Lovecraft Country

English

Alternative forms

  • Lovecraft country

Etymology

From Lovecraft + country. Coined by Keith Herber, later used and popularized by the role-playing games publisher Chaosium.

Proper noun

Lovecraft Country

  1. (horror fiction) The fictionalized universe populated by the supernatural beings of H.P. Lovecraft's horror fiction and that of other authors inspired by Lovecraft's works, especially the fictionalized version of New England.[1]
    • 2009, Keith Herber, Miskatonic River Press, "New Tales of the Miskatonic Valley", →ISBN
      An anthology of six scenarios designed for use with the Call of Cthulhu roleplaying game.
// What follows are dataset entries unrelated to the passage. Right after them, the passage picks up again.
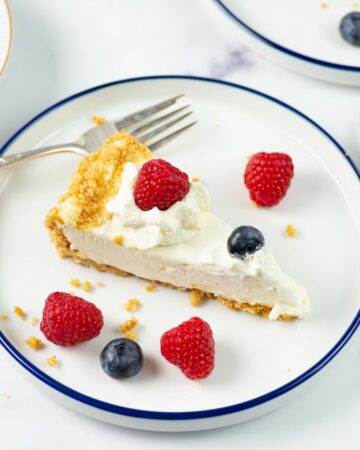 A slice of homemade cheesecake with whipped cream and berries.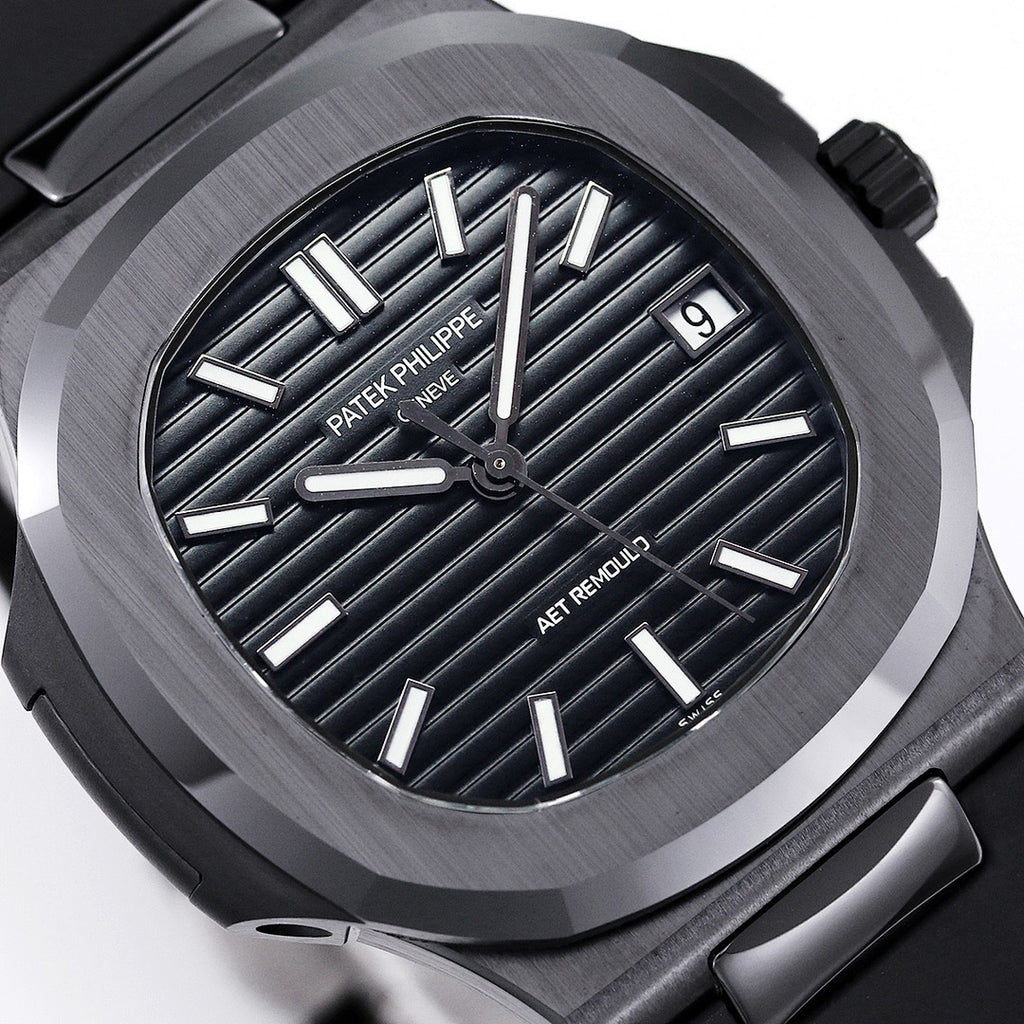 Close-up of black dial with raised silver indexes and AET REMOULD text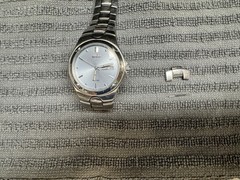Citizen Eco-Drive Quartz Analog Wristwatch Silver Dial Date 100M SS Band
Set in Lovecraft Country, a fictional area of New England created by horror author H.P. Lovecraft.
    • 2013, Charles L. Crow, A Companion to American Gothic, John Wiley & Sons, →ISBN:
      Ramsay Campbell, who created a version of Lovecraft country in and around Liverpool, and Southern Gothic writer Fred Chappell.
    • 2014, Paul Roland, The Curious Case of H.P. Lovecraft, Plexus Publishing, →ISBN:
      It also established Miskatonic University and Arkham as key locations in Lovecraft Country
    • 2016, W. Scott Poole, In the Mountains of Madness:
      Very early, he started to create Lovecraft country; a geography of terror that came to include “witch-haunted Arkham” and “shadowed Innsmouth," places he describes in such minute detail that ingénues in Lovecraft lore, for almost a century now, have often assumed these places could be located on maps of Massachuesetts and set out in search of them.
    • 2018, H.P. Lovecraft, Leverett Butts, H.P. Lovecraft, page 1:
      Lovecraft's writing has inspired games as well: a popular role-playing game, The Call of Cthulhu, is set within Lovecraft country, the blend of fictional and real locales, mostly in New England, in which he set his tales.
    • 2019, Graham Plowman, "Horror in Lovecraft Country", ASIN B07X5VPYC6
      Horror in Lovecraft Country: 2 Hours of Music for Lovecraftian Gaming
    • 2020, Golden Goblin Press, "Children of Lovecraft Country", →ISBN
      Children of Lovecraft Country: Six Stories of Growing Up in Arkham, Kingsport, Dunwich, and Innsmouth.

See also

Noun

Lovecraft Country (uncountable)

  1. (informal) Eerie small town and countryside settings resembling the locales found in H.P. Lovecraft's fictional universe.
    • 1975 Autumn, Frederick Busi, “Alain Resnais' Stavisky: The Beginning of the End”, in The Massachusetts Review, volume 16, number 4:
      When Resnais was on a lecture tour of America in 1972, he was enchanted to find himself deep in Lovecraft country, in gloomy Massachusetts.
    • 1998, Scott Aniolowski, editor, Return to Lovecraft Country, →ISBN:
      And especially my wife Patricia, who spent weeks tramping with me through Lovecraft country
    • 2018, A Mahnke, The World of Lore, Volume 3: Dreadful Places:
      Mahnke lives with his family in the historic North Shore area of Boston, the very heart of Lovecraft Country and the epicenter of the Salem witch trials.

Coordinate terms

(eerie locales):

References

  1. Karl Quinn (2020 August 13) “Lovecraft Country is Green Book meets The Twilight Zone, and it's inspired”, in Sydney Morning Herald:Many of Lovecraft's stories were set in a fictionalised version of his native New England, referred to by scholars as Lovecraft Country.